BRIEF: Your answer should reproduce every line of the material in which the word "Gunmetal" occurs.
#### MATERIAL SHOWN ####
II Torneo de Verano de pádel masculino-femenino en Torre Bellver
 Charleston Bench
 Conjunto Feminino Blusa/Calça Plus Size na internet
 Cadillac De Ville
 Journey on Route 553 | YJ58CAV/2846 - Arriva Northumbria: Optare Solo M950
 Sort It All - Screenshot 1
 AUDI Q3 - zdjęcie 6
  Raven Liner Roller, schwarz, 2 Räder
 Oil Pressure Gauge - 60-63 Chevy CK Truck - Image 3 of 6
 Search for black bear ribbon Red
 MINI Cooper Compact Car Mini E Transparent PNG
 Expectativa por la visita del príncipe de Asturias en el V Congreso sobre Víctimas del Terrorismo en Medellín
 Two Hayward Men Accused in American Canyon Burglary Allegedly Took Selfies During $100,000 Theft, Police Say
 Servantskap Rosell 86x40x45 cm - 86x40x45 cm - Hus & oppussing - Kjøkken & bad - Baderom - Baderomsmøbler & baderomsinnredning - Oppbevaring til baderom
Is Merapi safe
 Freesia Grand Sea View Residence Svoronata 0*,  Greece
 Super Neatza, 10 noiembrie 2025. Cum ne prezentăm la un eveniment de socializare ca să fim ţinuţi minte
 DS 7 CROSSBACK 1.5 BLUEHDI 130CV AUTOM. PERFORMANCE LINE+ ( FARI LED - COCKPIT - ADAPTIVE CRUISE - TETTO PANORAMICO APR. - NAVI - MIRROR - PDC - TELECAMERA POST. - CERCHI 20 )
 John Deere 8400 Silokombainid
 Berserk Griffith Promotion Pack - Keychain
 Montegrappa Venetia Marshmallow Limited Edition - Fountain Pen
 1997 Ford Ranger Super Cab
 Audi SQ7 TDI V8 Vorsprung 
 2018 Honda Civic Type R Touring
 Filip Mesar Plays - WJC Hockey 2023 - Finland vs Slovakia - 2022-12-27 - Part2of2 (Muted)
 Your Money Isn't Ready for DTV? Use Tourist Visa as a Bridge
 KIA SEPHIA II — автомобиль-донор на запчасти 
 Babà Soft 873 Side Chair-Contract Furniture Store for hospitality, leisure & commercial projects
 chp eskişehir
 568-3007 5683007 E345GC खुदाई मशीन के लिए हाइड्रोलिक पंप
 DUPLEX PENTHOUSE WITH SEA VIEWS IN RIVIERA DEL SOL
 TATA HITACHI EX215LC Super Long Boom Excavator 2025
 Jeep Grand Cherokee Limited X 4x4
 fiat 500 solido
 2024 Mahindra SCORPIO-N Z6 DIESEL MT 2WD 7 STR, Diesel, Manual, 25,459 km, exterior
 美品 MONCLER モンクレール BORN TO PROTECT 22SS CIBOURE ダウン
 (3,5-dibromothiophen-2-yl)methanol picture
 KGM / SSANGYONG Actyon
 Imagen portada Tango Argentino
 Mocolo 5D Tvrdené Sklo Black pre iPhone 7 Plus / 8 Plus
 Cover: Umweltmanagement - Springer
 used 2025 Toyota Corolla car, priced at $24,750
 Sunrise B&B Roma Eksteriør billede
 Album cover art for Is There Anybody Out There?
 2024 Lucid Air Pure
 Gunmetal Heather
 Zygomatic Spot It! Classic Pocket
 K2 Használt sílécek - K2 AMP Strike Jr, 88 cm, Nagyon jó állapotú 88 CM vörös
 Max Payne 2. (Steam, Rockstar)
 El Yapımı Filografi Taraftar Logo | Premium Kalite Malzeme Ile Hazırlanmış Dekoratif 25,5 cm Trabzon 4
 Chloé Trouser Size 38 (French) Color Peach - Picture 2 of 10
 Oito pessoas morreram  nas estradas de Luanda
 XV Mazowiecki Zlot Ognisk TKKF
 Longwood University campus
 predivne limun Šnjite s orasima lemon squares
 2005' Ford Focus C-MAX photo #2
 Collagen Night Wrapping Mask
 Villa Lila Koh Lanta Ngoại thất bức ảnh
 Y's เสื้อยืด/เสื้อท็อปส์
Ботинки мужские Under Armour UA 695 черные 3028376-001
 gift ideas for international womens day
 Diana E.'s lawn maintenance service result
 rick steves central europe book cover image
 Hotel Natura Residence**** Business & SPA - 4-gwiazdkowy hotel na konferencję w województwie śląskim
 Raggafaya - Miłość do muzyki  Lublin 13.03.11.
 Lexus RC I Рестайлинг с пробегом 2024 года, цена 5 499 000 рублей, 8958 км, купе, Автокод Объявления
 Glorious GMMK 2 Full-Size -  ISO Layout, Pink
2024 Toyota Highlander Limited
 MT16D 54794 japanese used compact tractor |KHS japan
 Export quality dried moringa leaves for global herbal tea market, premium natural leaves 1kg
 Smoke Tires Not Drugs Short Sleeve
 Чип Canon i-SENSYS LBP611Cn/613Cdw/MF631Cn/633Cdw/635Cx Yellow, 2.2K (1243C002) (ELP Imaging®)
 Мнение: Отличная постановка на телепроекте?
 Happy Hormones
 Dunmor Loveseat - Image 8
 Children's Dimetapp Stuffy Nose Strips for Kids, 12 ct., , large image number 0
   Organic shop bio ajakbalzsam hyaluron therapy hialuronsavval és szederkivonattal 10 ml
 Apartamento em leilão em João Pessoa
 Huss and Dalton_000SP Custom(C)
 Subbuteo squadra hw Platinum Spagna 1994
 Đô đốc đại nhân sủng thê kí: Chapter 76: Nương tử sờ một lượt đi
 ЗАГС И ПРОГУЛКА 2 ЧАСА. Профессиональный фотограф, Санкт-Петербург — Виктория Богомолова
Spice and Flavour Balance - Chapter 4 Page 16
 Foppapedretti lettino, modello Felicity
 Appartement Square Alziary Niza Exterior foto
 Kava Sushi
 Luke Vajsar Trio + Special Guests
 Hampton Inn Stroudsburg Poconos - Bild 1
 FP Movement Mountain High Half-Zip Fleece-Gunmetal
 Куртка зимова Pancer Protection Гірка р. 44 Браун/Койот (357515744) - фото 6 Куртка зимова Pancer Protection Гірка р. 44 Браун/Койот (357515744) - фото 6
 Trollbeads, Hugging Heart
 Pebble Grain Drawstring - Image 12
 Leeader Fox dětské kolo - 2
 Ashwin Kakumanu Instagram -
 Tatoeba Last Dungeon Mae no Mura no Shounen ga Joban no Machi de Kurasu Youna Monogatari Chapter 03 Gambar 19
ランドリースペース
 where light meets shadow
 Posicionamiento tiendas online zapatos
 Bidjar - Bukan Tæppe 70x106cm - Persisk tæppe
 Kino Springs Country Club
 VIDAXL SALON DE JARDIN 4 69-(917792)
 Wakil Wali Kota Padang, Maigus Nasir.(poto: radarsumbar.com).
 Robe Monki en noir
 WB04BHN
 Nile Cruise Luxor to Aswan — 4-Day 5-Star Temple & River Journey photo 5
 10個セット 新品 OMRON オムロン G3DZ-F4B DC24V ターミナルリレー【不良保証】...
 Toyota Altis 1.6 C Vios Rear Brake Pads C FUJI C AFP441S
####
REPLY TO THE TASK:
 Gunmetal Heather
 FP Movement Mountain High Half-Zip Fleece-Gunmetal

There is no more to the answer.